The dominant voice however is Robertson’s though the melodies are itching for some of the Band’s carefree vocal banter. Although he wrote the bulk of the Band’s songs, Robertson had only sung lead twice during their heyday. Everybody had their own job to do in that group, he explains. “If I had been writing the songs, playing lead guitar and doing the singing, it wouldn’t have been a band anymore. Now that I don’t have those guys around all the time, I don’t have nay choice but to sing my songs.”

Robertson has always regarded himself as a storyteller, avoiding writing songs from a personal point of view. “I never felt I’d experienced enough,” he says. “I thought I was too young to be writing about myself.”

On Robbie Robertson the evocative mythology of his earlier writing remains, but with a difference: for the first time Robertson reveals his Indian background. His mother was Iroquois, his father a Jewish professional gambler. The summers of his childhood Robertson spent on the Six Nations Indian reservation above Lake Erie, where from relatives playing mandolins, fiddles and guitars he heard his first music.

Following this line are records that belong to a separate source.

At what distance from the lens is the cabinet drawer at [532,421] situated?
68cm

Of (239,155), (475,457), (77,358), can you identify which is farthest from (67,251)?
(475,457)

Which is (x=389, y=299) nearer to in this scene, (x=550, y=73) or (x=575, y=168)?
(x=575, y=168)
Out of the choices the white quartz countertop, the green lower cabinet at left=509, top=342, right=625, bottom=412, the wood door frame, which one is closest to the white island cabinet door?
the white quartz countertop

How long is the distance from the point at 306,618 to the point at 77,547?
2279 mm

“It didn’t seem appropriate to write about my Indian background with the band,” he says. “I didn’t feel I could take a song to them and say, ‘Hey guys, this is the theme that’s running through the album – it’s about an Indian …’

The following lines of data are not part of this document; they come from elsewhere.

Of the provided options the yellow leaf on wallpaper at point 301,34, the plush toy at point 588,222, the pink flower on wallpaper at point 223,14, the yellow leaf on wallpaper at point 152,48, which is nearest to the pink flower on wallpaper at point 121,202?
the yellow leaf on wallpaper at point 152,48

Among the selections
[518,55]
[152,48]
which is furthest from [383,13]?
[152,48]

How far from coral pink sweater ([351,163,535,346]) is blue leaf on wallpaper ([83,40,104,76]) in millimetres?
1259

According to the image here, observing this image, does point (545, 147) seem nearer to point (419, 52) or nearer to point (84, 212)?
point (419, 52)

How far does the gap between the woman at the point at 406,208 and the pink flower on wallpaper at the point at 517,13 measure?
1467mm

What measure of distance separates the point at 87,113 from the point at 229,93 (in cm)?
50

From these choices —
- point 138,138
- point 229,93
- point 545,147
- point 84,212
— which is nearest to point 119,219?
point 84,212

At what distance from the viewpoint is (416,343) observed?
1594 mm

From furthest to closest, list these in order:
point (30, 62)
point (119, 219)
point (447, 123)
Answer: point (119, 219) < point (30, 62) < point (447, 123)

“Now I’m making my own records I can say what I like.”

With the confused draftee in ‘Hell’s Half Acre’, the symbolism of ‘Broken Arrow’ and the spiritual outlook towards the nuclear threat in ‘Showdown at Big Sky’, Robbie Robertson paints panoramic images of the Indian in the 20th century. What’s happened to the Indian is a tragedy for us all, he says.

“There was something in that lifestyle, the simplicity and beauty of it – so right in tune with nature – that was priceless. On ‘Big Sky’ I was thinking about the simplicity of that Indian life- true to the earth, to the sky and to the elements – and here we are playing with it, rolling the dice every day.”
TheBandbrownThe maternal link between humanity and the land has been a constant theme in Robertson’s writing, however, and that’s why his songs have always seemed as apt to New Zealand’s rural culture as the folklore of novelists Ronald Hugh Morrieson, Barry Crump or John Mulgan. Take The Band’s ‘King Harvest (Has Surely Come)’, a powerful Grapes of Wrath saga about dustbowl farming and union corruption. ‘Dixie Down,’ while a three-minute history of the Civil War, has a line that seems to reflect the Indian attitude to the land: “I spent my life chopping wood … You take what you need and you leave the rest / But they should never have taken the very best.”

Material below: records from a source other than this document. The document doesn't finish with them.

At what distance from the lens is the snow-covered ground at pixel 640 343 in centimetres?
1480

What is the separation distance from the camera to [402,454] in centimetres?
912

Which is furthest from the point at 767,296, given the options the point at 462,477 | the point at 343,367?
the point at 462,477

A personal digression to stretch the point. After growing up to The Band, one summer while revelling in Greil Marcus’s Mystery Train – which features a masterly critique of their work – I took a job at an abattoir. In my locker I found Bury My Heart at Wounded Knee, the gripping study of Indian oppression. An elderly Maori slaughterman asked me what I was reading. A history of the American Indian, I said, how the land was like a mother to them, that they never exploited but always respected, they just took what they needed to stay alive. Then the settlers and soldiers came in, decimated the tribes and devastated the land.

“Just like us,” he replied.

How did Robertson react to Greil Marcus’s interpretation of his music – did he think it was accurate?
“When I read it, I thought it was brilliantly written and very entertaining. Often I’d think, ‘Yes, that’s it – he’s got to the heart of it.’ But sometimes I didn’t know what he was talking about. You read what some people put onto your music and it bears very little relation to what you wrote.”

The element of mystery has always been important to Robertson. Years ago he said, “I learnt the words to Little Richard’s songs the best I could. What I couldn’t figure out, didn’t matter.”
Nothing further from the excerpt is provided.